Experimental and Theoretical Exploration of the Initial Steps in the Decomposition of a Model Nitramine Energetic Material: Dimethylnitramine

摘要

Decomposition of dimethylnitramine (DMNA, (CH3)2NNO2) has been studied extensively over the past decades. Although several different mechanisms have been proposed for the initial decomposition of DMNA, the dominant decomposition channel is still far from fully understood. In this report, we collect all the results reported in the literature, along with our new experimental and theoretical results, into a single reference for a sensible comparison in order to reach a general conclusion on DMNA decomposition.
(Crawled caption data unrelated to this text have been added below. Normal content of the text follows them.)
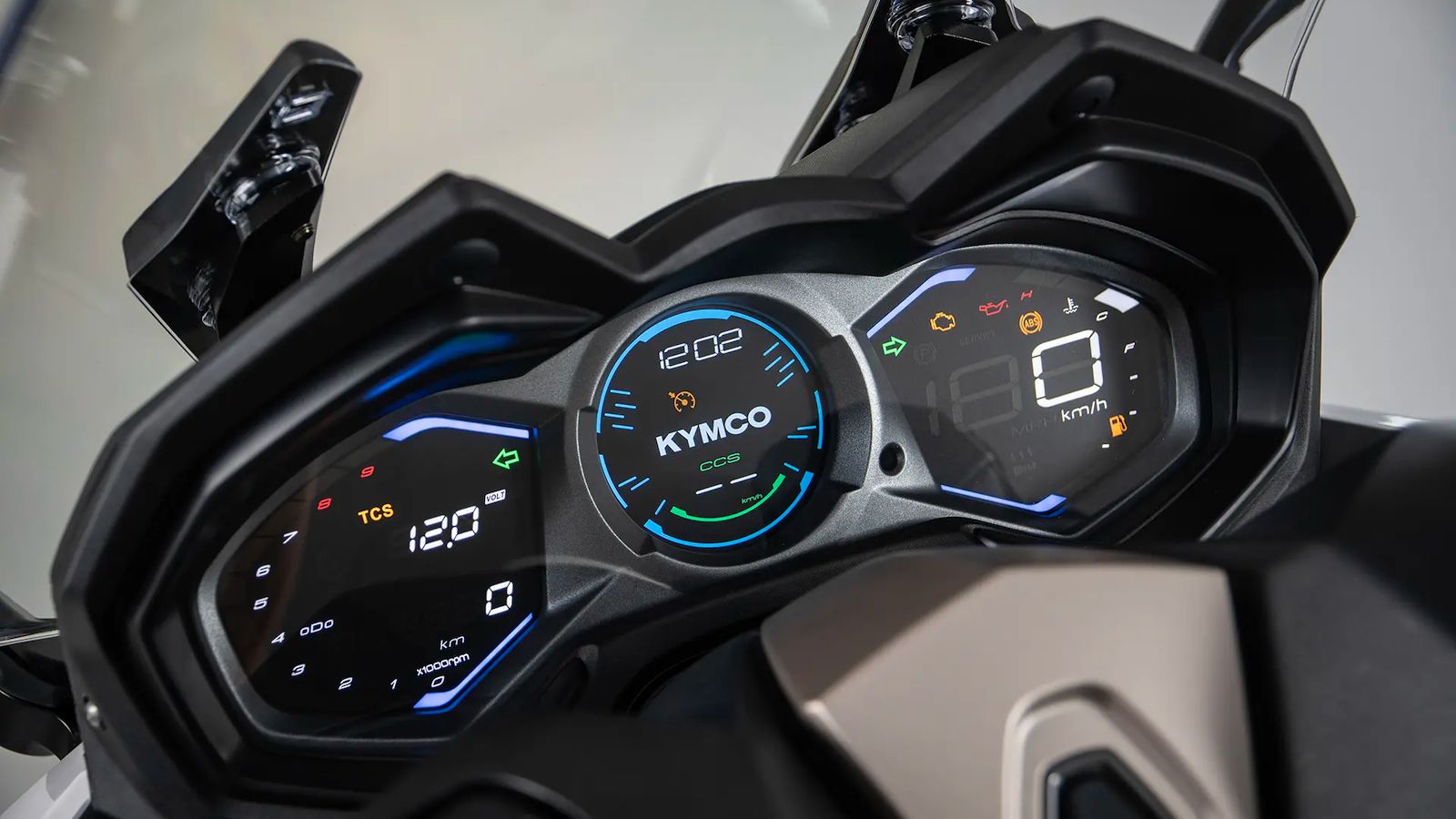 EICMA 2024: Kymco AK 575 Premium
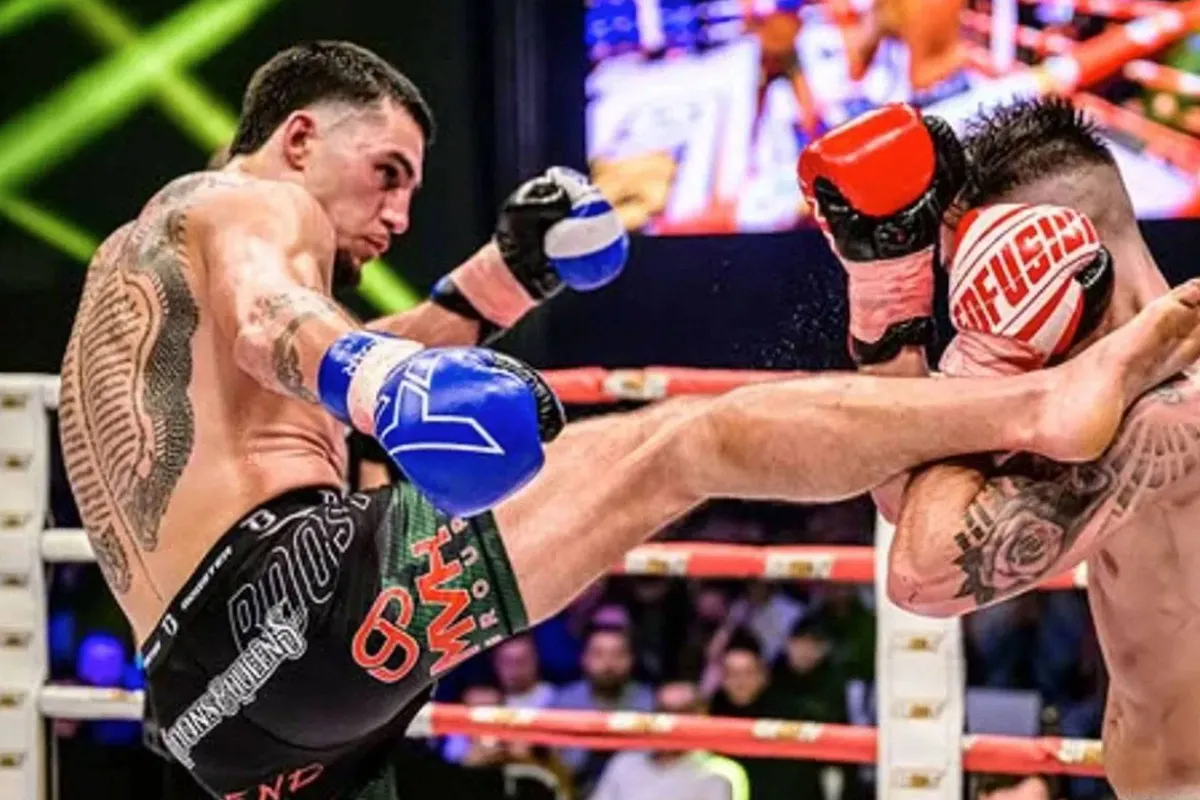 ‘Niet normaal die KO!’ – Publiek kroont De Vries tot knokker van het jaar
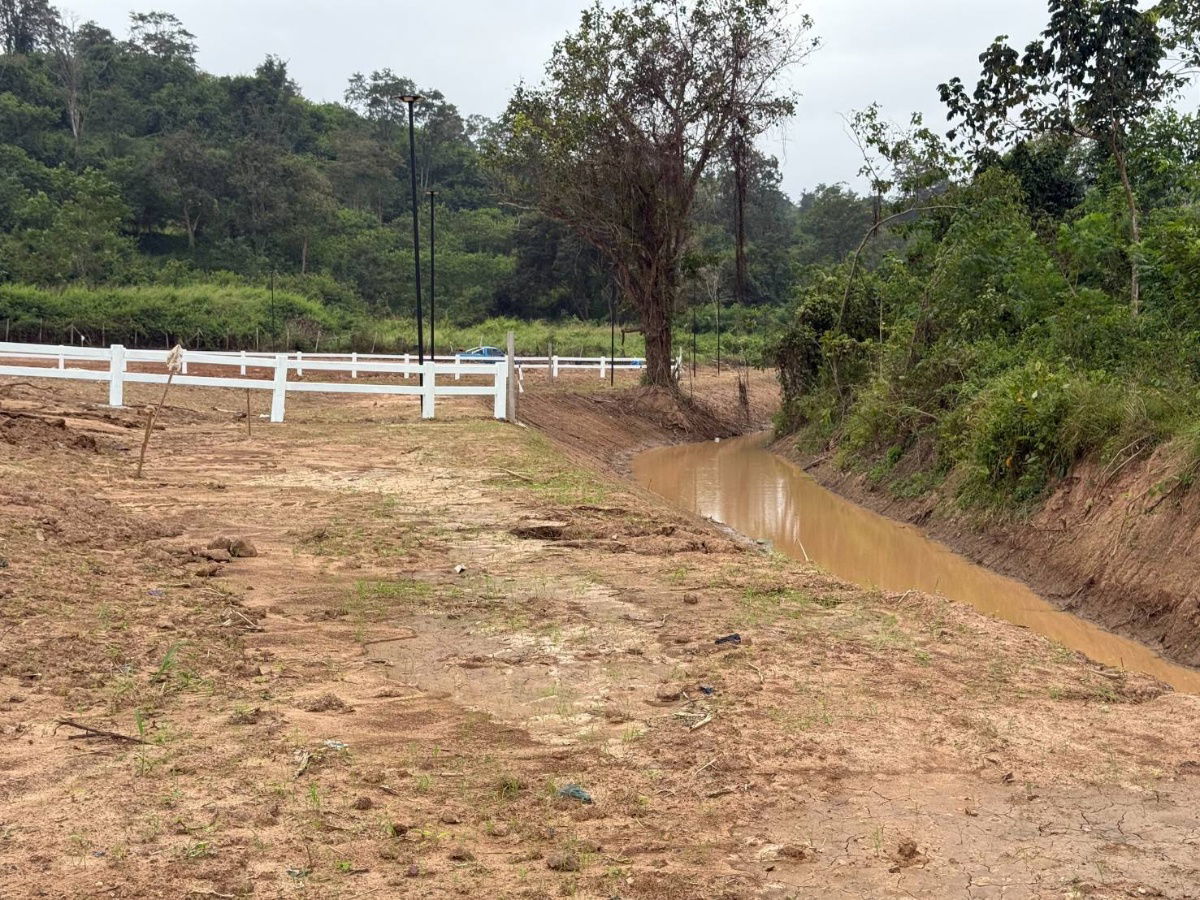picture Mountain-view land for sale, Khao Yai. Affordable price. Only 3 plots left. Located in Khanong Phra, Pak Chong, 13.40 km from Mittraphap Road - 6/12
In this effort, nanosecond laser, energy resolved spectroscopy and complete active space self-consistent field (CASSCF) calculations are employed. The parent DMNA molecule is electronically excited using two different UV excitation wavelengths, 226 and 193 nm, to initiate the decomposition process. The NO molecule is observed as a major decomposition product with relatively hot (120 K) rotational and cold vibrational distributions by both time-of-fiight mass spectrometry and laser induced fluorescence spectroscopy. On the basis of the experimental observations, a nitro—nitrite isomerization mechanism is predicted to be the major channel of decomposition of DMNA in the excited electronic state with a minor contribution from the HONO elimination mechanism. The branching ratio between nitro—nitrite isomerization and HONO elimination channels is estimated to be approximately 1:0.04. CASSCF calculations show that surface crossing (conical intersection) between upper and lower electronic states along the nitro—nitrite isomerization reaction coordinate plays an important role in the overall decomposition of DMNA. Presence of such an (S2/S1)_(CI) conical intersection in the nitro—nitrite isomerization reaction coordinate provides a direct nonadiabatic decomposition pathway from the Franck—Condon point of the S2. surface, which is experimentally accessed by 226 nm photoexcitation. This excited state isomerization takes place through a loose geometry for which the NO2 moiety interacts with the (CH3)2N moiety from a long distance (～2.8 A); however, in the ground electronic state, a similar (S1/S0)_(CI) conical intersection in this nitro—nitrite isomerization reaction coordinate hinders the isomerization exit channel, rendering NO2 elimination as the major thermal decomposition channel of DMNA.